Yes, the use of rf should make the borrowing alive at that point. However, the rule says the borrowing is killed so that the borrowing is not considered relevant when there is a shallow write to i because rf is a borrowing to the i whose prefix is itself.
The two examples differ in a crucial detail – the first one (that does not compile) assigns to the referent of the reference, whereas the second one merely reassigns the reference so it points to a different value.
The next paragraph in fact talks about exactly this issue:
if this is an assignment lv = <rvalue> , then any loan for some path P of which lv is a prefix is killed, where P is not lv.
which can clarify the note. Otherwise, the "next section" still cannot interpret the note because the relevant borrowings are only those that are in-scope
As you can see, it works in two steps. First, we enumerate a set of in-scope borrows that are relevant to lvalue -- this set is affected by whether this is a "shallow" or "deep" action, as will be described shortly. Then, for each such borrow, we check if it conflicts with the action (i.e.,, if at least one of them is potentially writing), and, if so, we report an error.
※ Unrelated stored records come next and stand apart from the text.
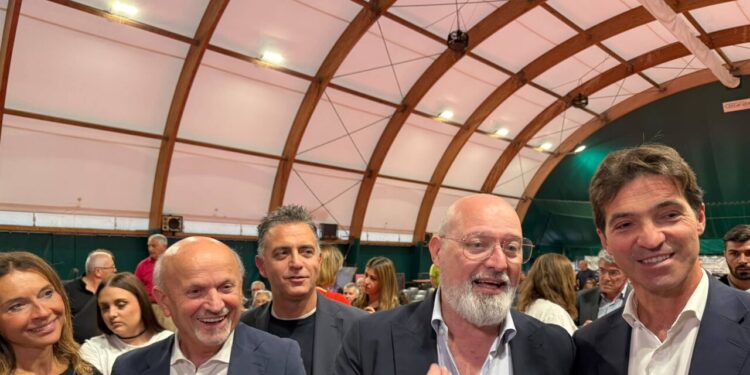 Bonaccini, ‘subito il programma da firmare con il sangue e poi la leadership’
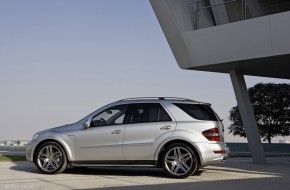 2009 Mercedes-Benz ML63 AMG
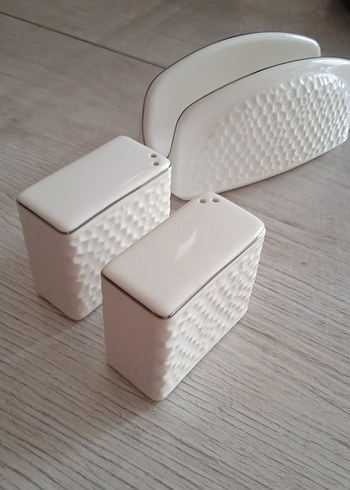 Beyaz Dokulu Seramik Tuzluk ve Peçetelik Seti - Görsel 2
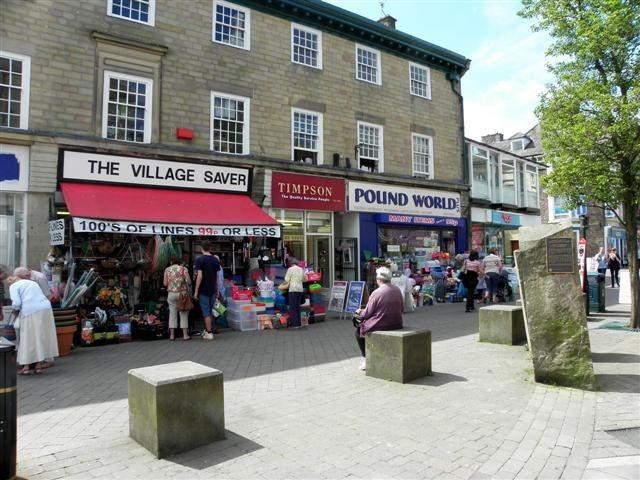 Football fans in Buxton know to gather in The Market Place, where traditional pubs and modern sports bars create a top-tier matchday atmosphere.
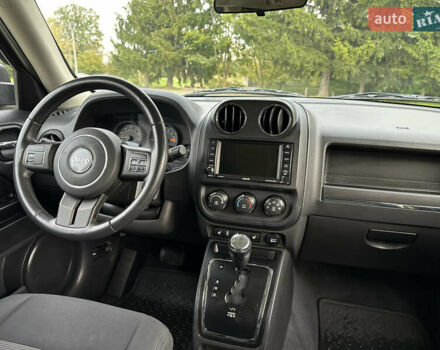 Джип Патриот 2014 в Дубно на Automoto.ua Черный Джип Патриот, объемом двигателя 2.4 л и пробегом 236 тыс. км за 8800 $, фото 26 на Automoto.ua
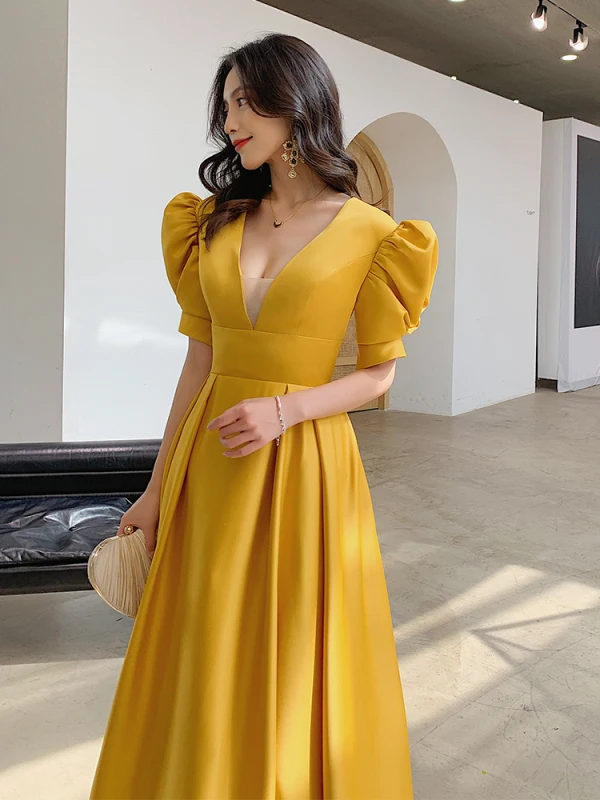 Vintage / Retro Yellow Prom Dresses 2021 A-Line / Princess V-Neck Puffy Short Sleeve Backless Bow Floor-Length / Long Prom Formal Dresses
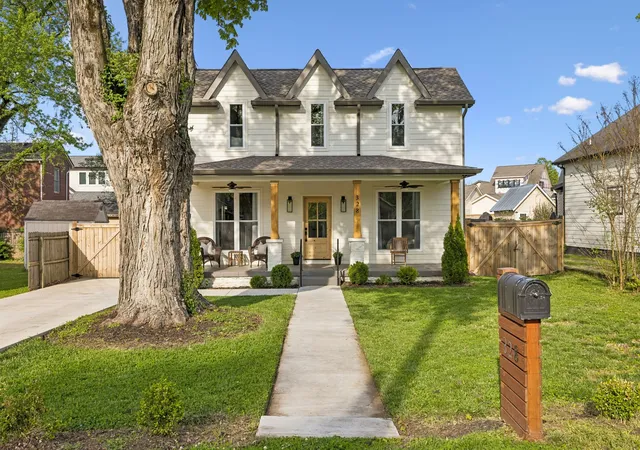 Photo 1 of Single family home for sale at 328 Granbury St, Franklin, TN 37064 | MLS# 3524710 | Listing updated on 2026-10-28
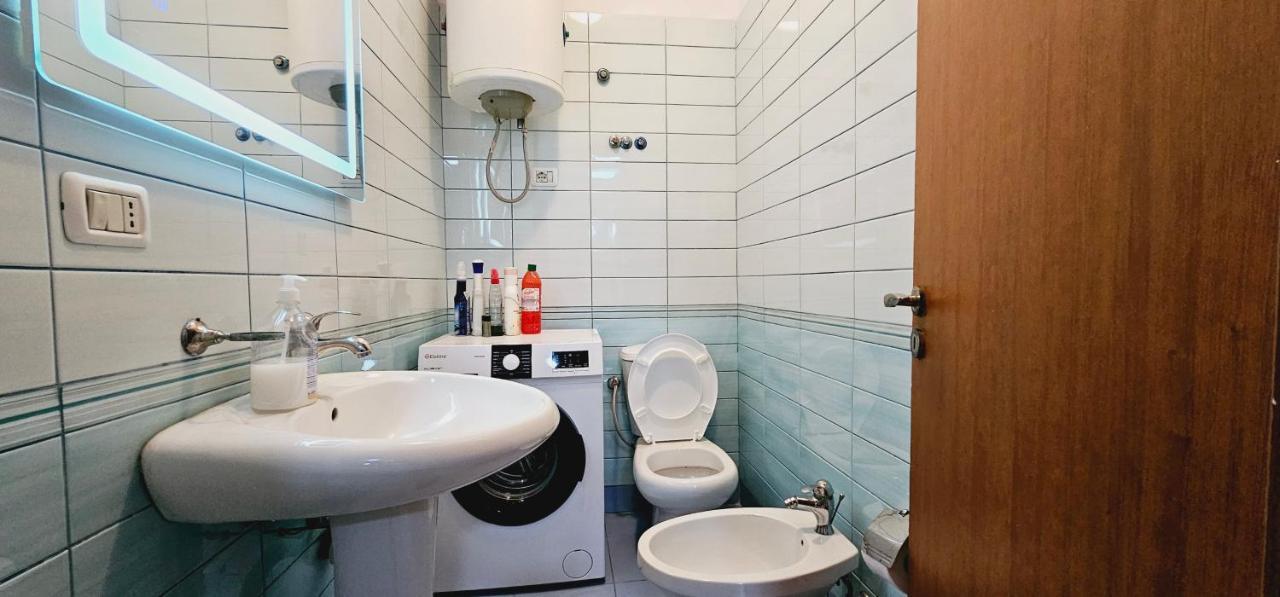 New Bazaar Side Bliss 2 Bed Room Apt With Free Garage Tirana Buitenkant foto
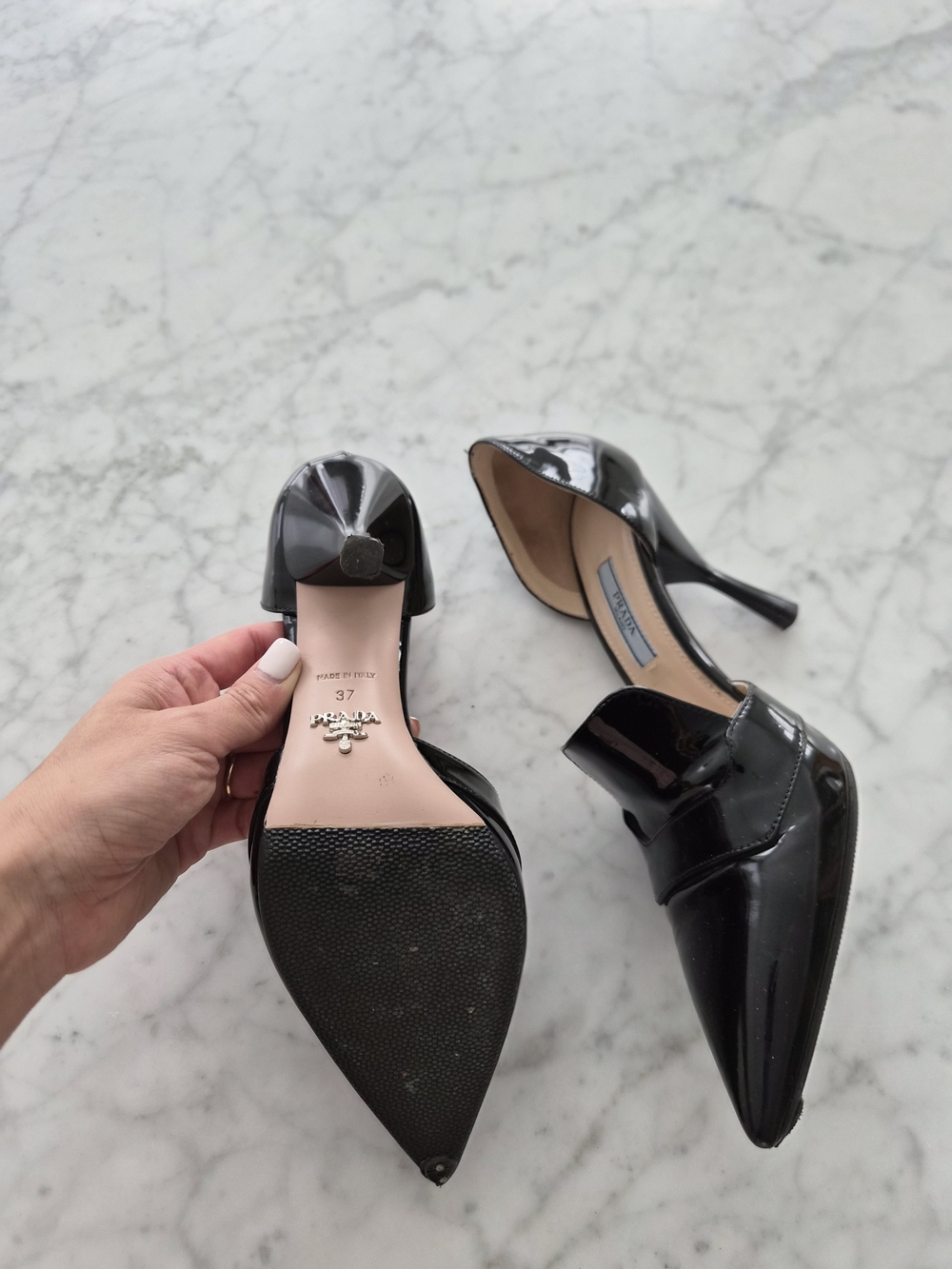 Prada Black Patent Leather Pointed D'Orsay Heels. Size 7, Fits its like 7.5 - Picture 3 of 4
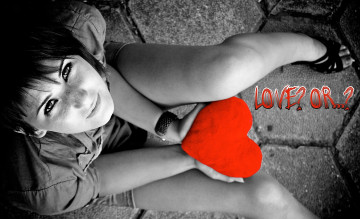 Картинка девушки -+черно-белые платье сердечко брюнетка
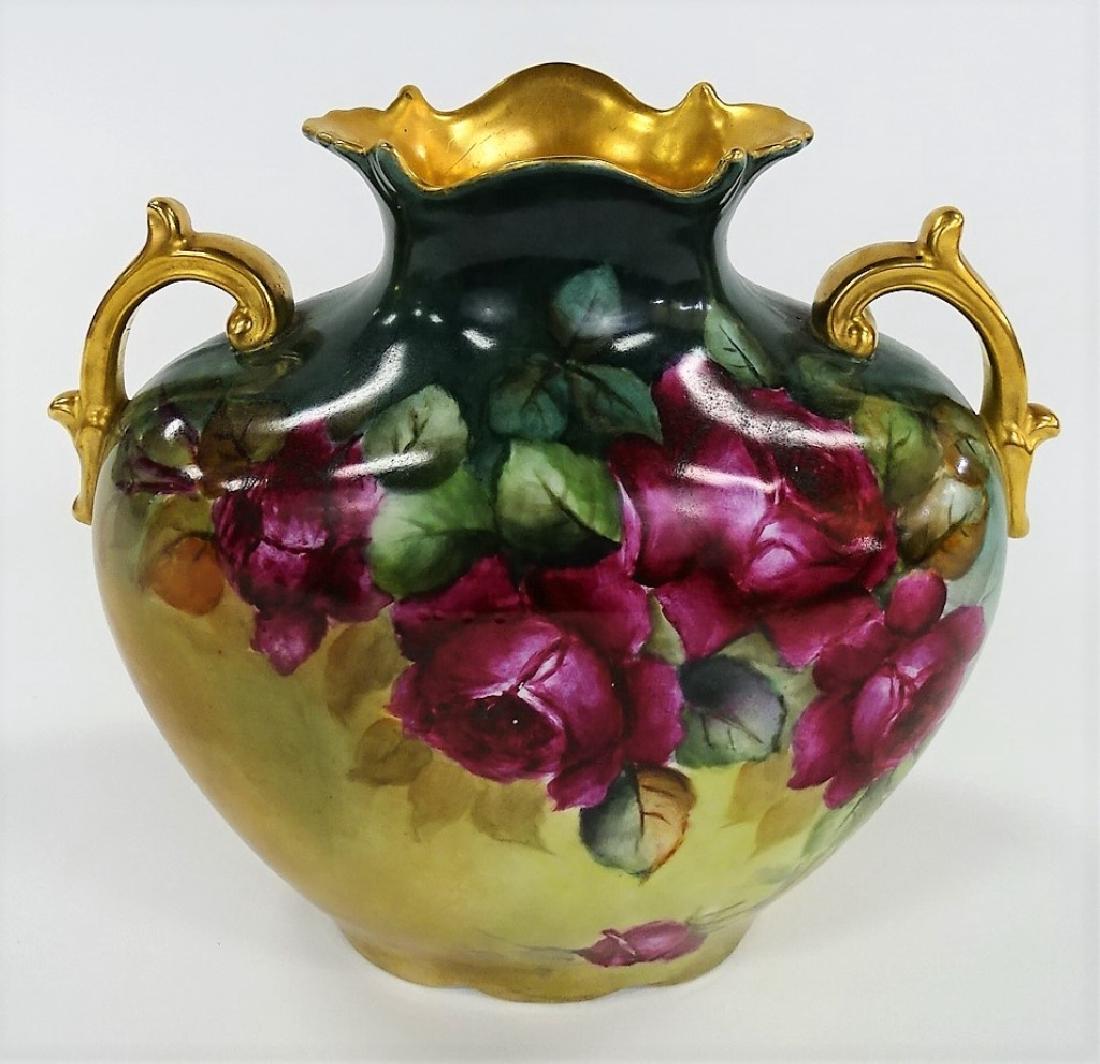 LOVELY ANTIQUE VIENNA AUSTRIA HAND PAINTED VASE (1 of 3)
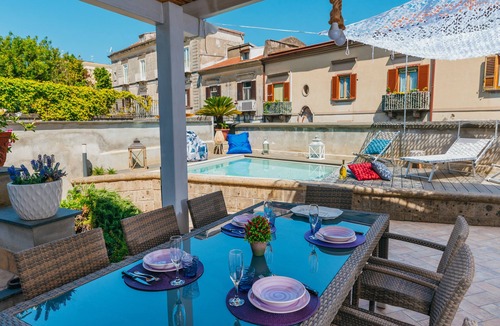 Sant'Agnello Villa | Spacious Villa with 4 rooms, pool, solarium & garden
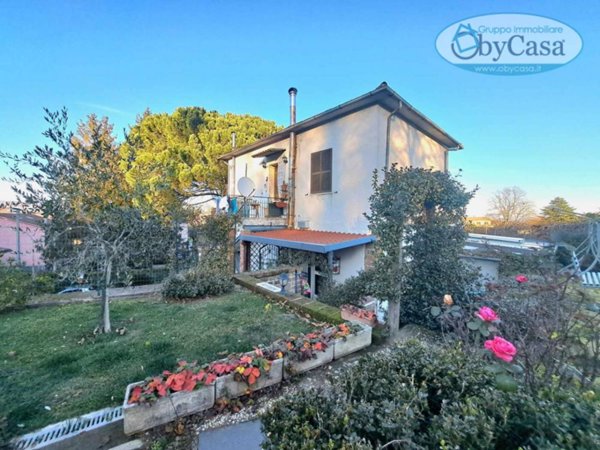 casa indipendente in vendita a Bassano Romano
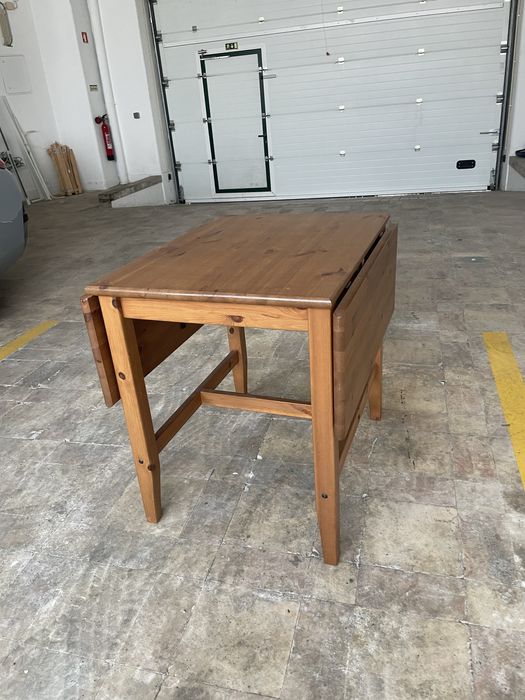Mesa com abas rebatíveis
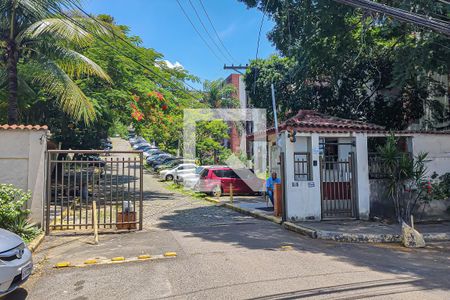 fachada de apartamento para alugar com 2 quartos, 60m² em Taquara, Rio de Janeiro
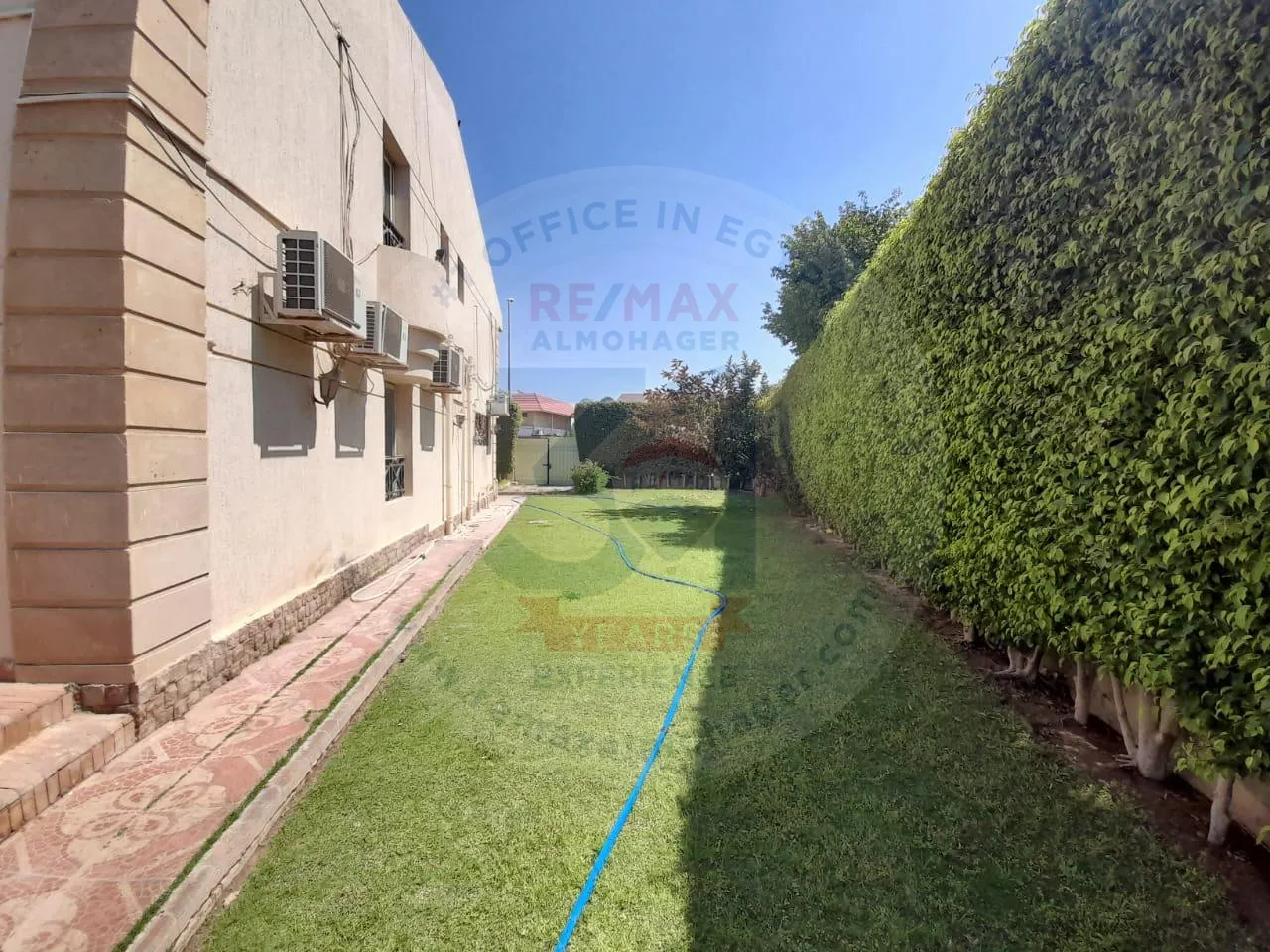 For sale Twin House in Rabwah Sheikh Zayed in a prime location - land area 542 meters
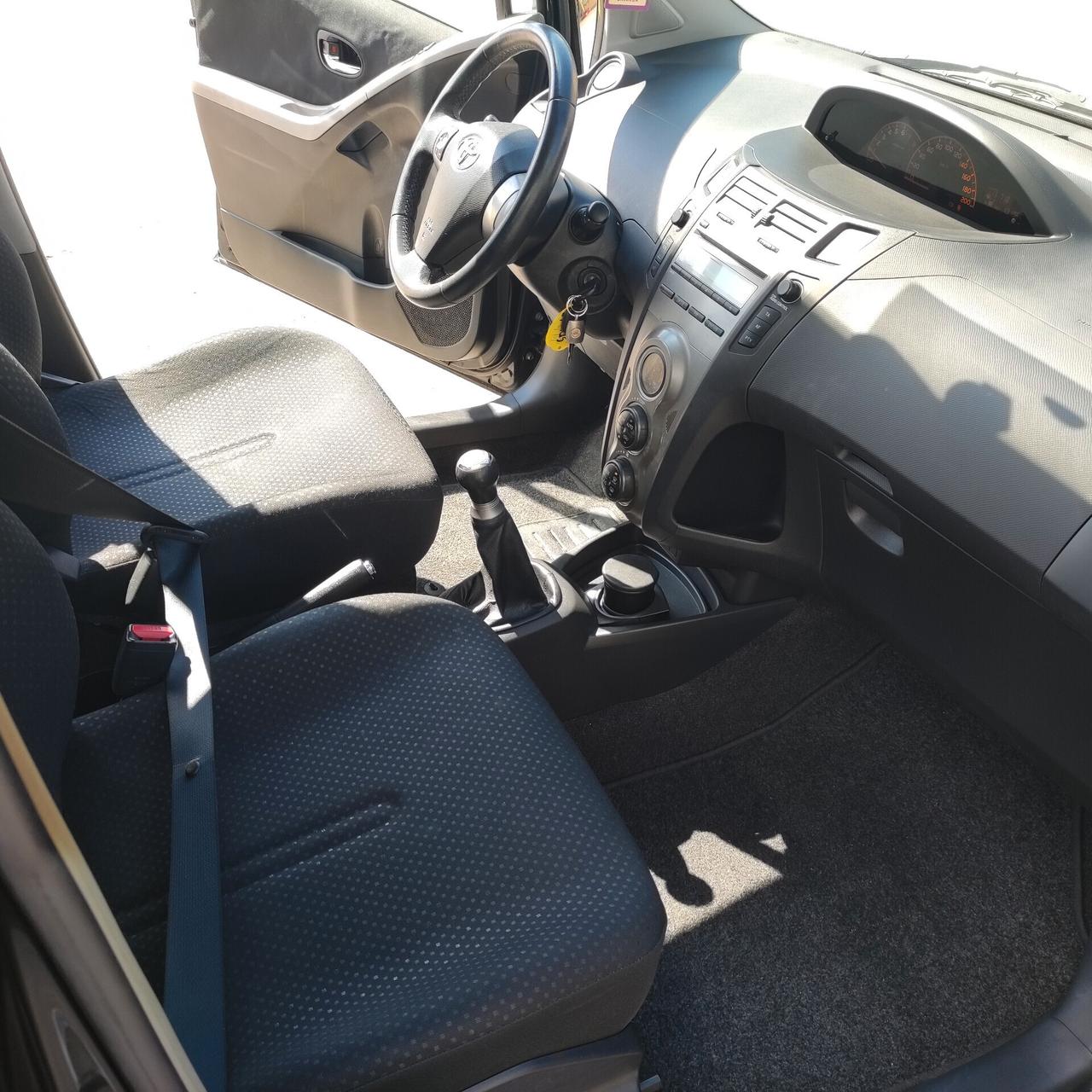 Toyota Yaris 1.0 5 porte Sol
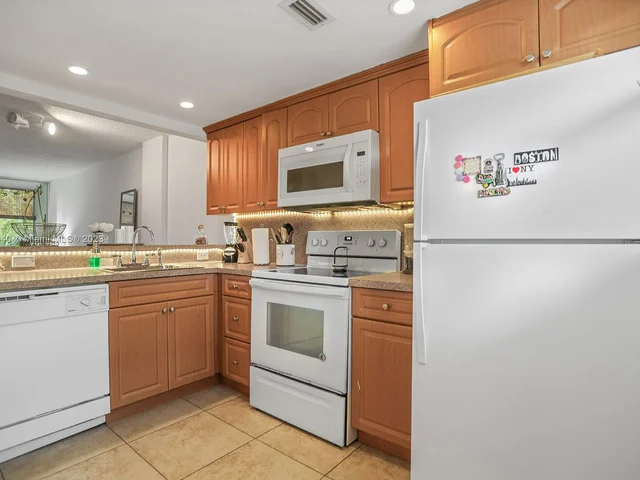 101 Royal Park Dr # 2C, Oakland Park FL 33309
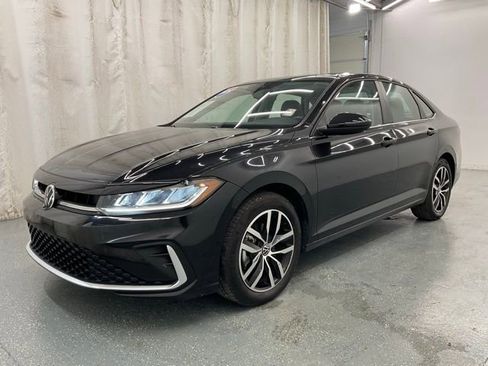Used 2025 Volkswagen Jetta SE FWD image 4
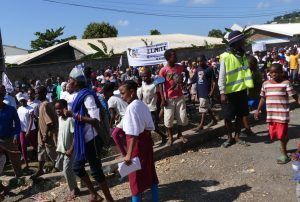Titis et bacocos (jeunes et vieux), mobilisés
A killed borrowing is not considered in the scope.
Ok. So, an lvalue is indeed a prefix of itself? The distinct between my case and the following case
let list: &mut List<T> = ...;
let v = &mut (*list).value;
list = ...; // <-- assignment
is that there is a relevant borrowing at the point of the assignment in my case while there is no relevant borrowing in the assignment point above.
For shallow access, bullet 1 and bullet 2 says
there is a loan for the path lvalue
there is a loan for some prefix of the path lvalue;
which means ('a, mut, i) is a relevant borrowing. For the above case, there is no loan for list according to the bullet 1, no loan for list(prefix of list) according to the bullet 2, and no loan for a path of which list is a shallow prefix according to bullet 3
I believe that's all correct. The second bullet point considers one direction of nesting and indirection and the third considers the opposite direction. The first is just for clarity I think (and overlaps with both directions).